Back in the mid-1990s, big shots used to come in to celebrate after they closed massive deals, recalls Rigo Fernandez, the store's manager. "It used to be 10 hours a day with people smoking, talking, doing business," he says. "Now the cigars are too expensive and I can't sell them. We are left with customers coming in to buy a single cigar to smoke after dinner." Hinds used to be a meeting place prior to lavish meals in the neighborhood restaurants. People were so hungry to get cigars that Fernandez maintained a waiting list of customers, and he fended off those who offered to pay up front before the merchandise was even in stock. "The difference after Proposition 10 was immediately noticed," says Fernandez, a Havana native who is banking on a lifting of the U.S. embargo on Cuba to ignite a new cigar boom some day in the future. "We lost all of our box sales. The prices went up, the cigars became readily available again, people realized they could get any cigars they want at any time. They stopped needing the boxes."

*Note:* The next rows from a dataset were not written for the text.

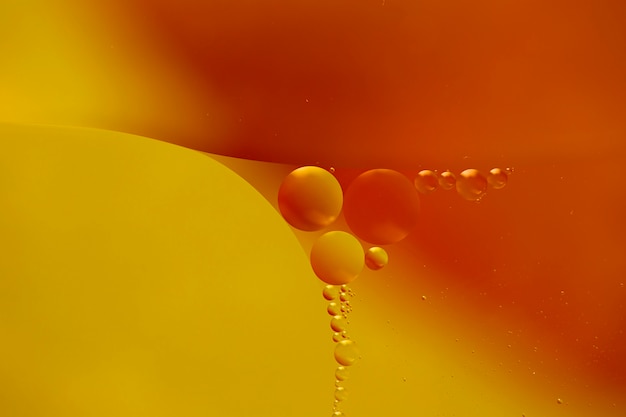 Free photo transparent droplets on watery orange backdrop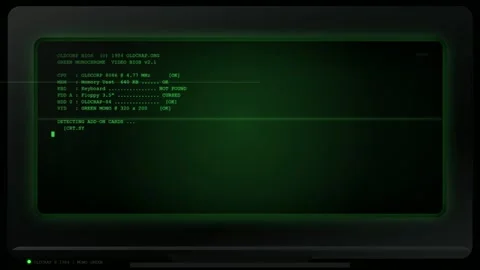 Retro Computer Boot Sequence with Green Monochrome Text on Old CRT Monitor Stock Footage 345752412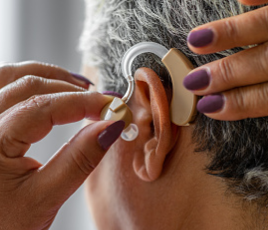 Women putting on hearing aid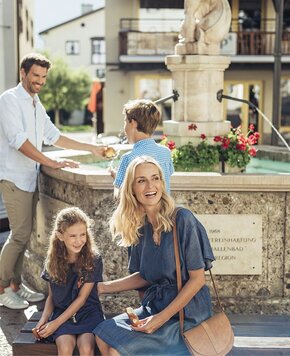 Eine Familie sitzt und steht an einem Brunnen im Sommer vor einem Gebäude in Zell am See.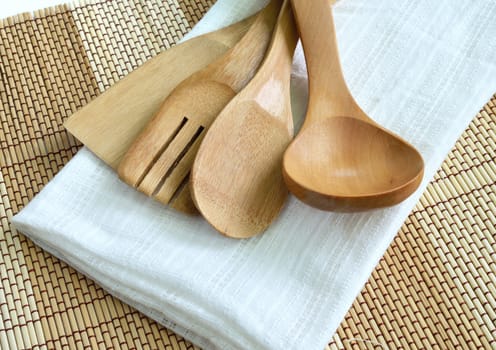 Wooden cooking utensils on wood background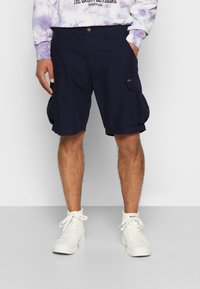 Homme portant un short cargo bleu marine, des baskets montantes blanches et un sweat-shirt à manches longues tie-dye avec du texte sur un fond blanc.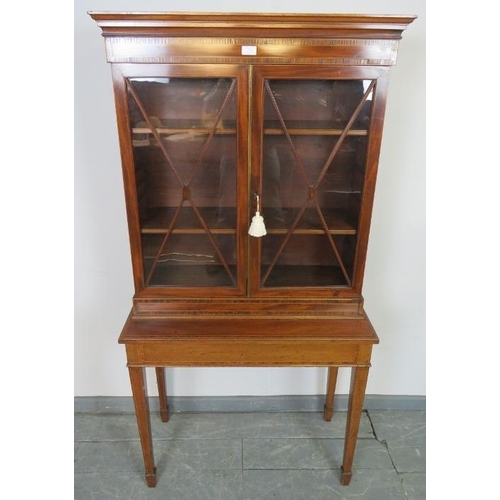 739 - An Edwardian mahogany display cabinet on stand, strung with satinwood and featuring coromandel cross...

California voters had the opportunity in a March vote to reverse the onerous taxation of Proposition 10 with a referendum called Proposition 28. Prior to the vote, pro-tobacco forces were outspent by Reiner's coalition $20 million to $1 million, and the referendum was voted down by a wide margin.
When Fernandez considers the current state of the market, he sees too many retailers and not enough smokers, and he is willing to articulate what many other merchants are probably thinking. "The only hope I can see is that people will start going out of business and there will be more room for the ones who stay in business," he says. "What works in our favor is that sometimes mail-ordered cigars arrive late and the quality is not always good. That is when [customers] start coming back here." A businessman walks into the store, browses the humidor, and exits without making a purchase. Watching his fading form, Fernandez speaks a common sentiment. "There has to be a light in the future," he says. "But right now it still seems far away." v [Editor's note: As this issue went to press, the Thomas Hinds shop closed its doors, according to the owners for reasons unrelated to Proposition 10.]
Michael Kaplan is a New York-based freelance writer and a frequent contributor to Cigar Aficionado.